The Wall (Die Wand) is an intriguing film that was screened at the Sarasota Film Festival on Saturday April 6th. From the SFF’s own film guide we get this description:

Based on the novel of the same name by Marlen Haushofer, THE WALL follows Martina Gedeck as the nameless protagonist “Woman”. The story unfolds in flashbacks as Woman writes to keep her sanity. It all starts when she is out walking with her friend’s dog Lynx and they both bump into an invisible wall. Every living thing beyond this boundary is eerily frozen and the Woman soon feels like the last human being on Earth. But she isn’t alone, as the affected area includes a range of creatures – the dog, a pregnant cow, a cat, and other animals. Has the world gone mad or has time suddenly stopped.

Directed by Julian Roman Polsler, the above is just one description of the film. Shot high in the forests and alpine meadows in Austria, the film is spectacular to see. If trekking or hiking are your fortes, then this film is something you might want to see.

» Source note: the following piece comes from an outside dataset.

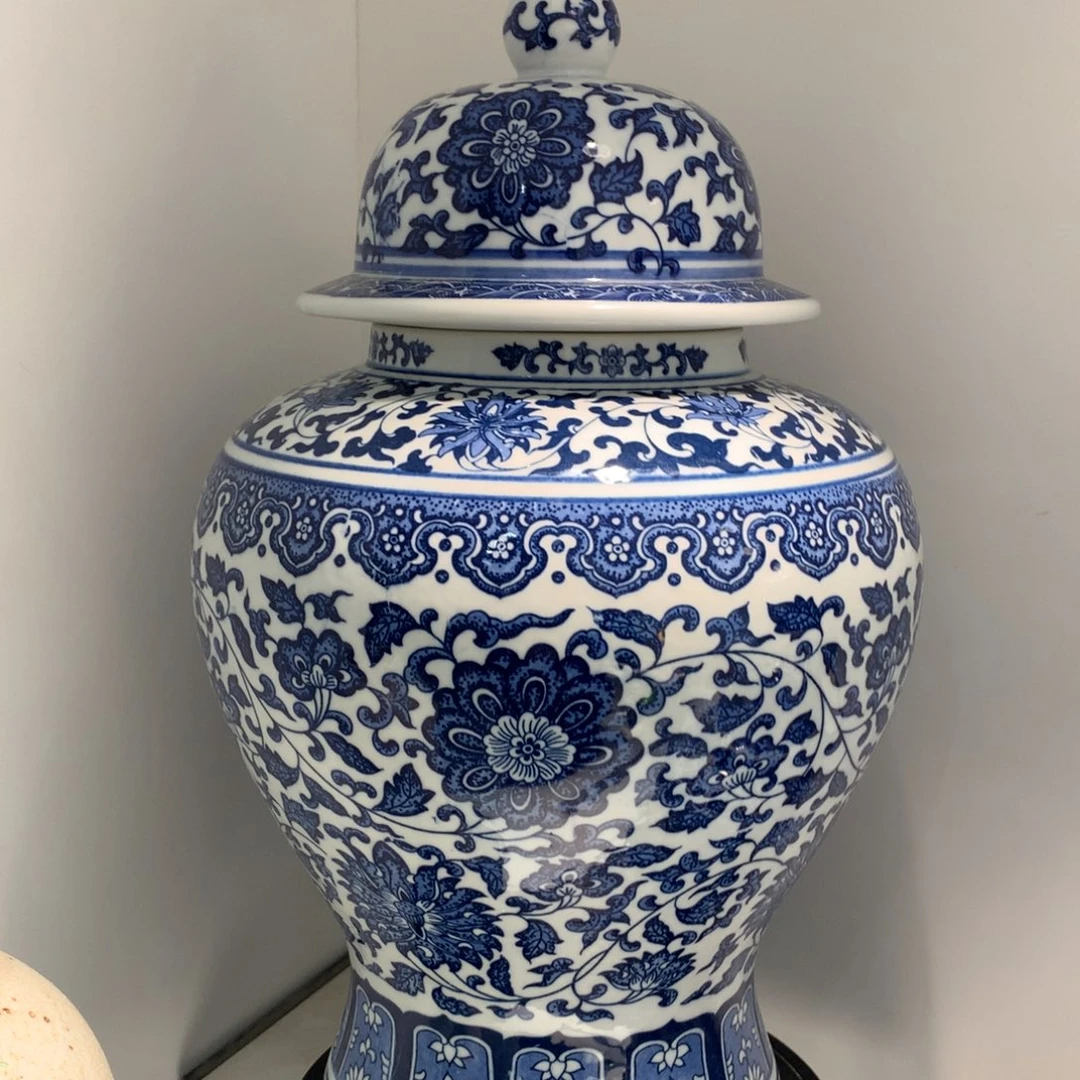 景德镇陶瓷花瓶景德镇陶瓷花瓶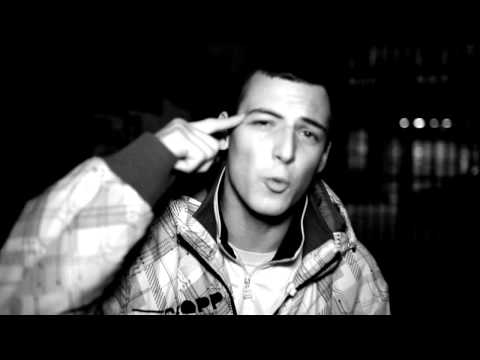 Barzyc ft.Donatan Rownonoc - Ja Słowianin (KONKURS UrbanCity) Official Video HD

Encountering the wall for the first time

Encountering the wall for the first time

But you should know that the film lacks characters and lacks dialogue. Aside from Martina Gedeck as Woman, there are only three other actors in the film and the sum total of their screen time is about three minutes. Think of Tom Hanks in Cast Away and you are approaching a comparable film.

Only Hanks was in an airplane crash, and he was rescued, and he returned to civilization. The Wall isn’t so clearly explained. In fact, neither the character, nor the writer, nor the director offer any explanations at all.

The woman is set up in a well stocked small hunting lodge, and then later discovers a cabin much higher up in the mountains. This alpine meadow is actually above the clouds, and as such it is simply in an amazing place.

But if you want a tidy conclusion where everything is explained and accounted for, you won’t find it in this film. Simply the film is an allegory, and it is up to each person to make his own interpretation.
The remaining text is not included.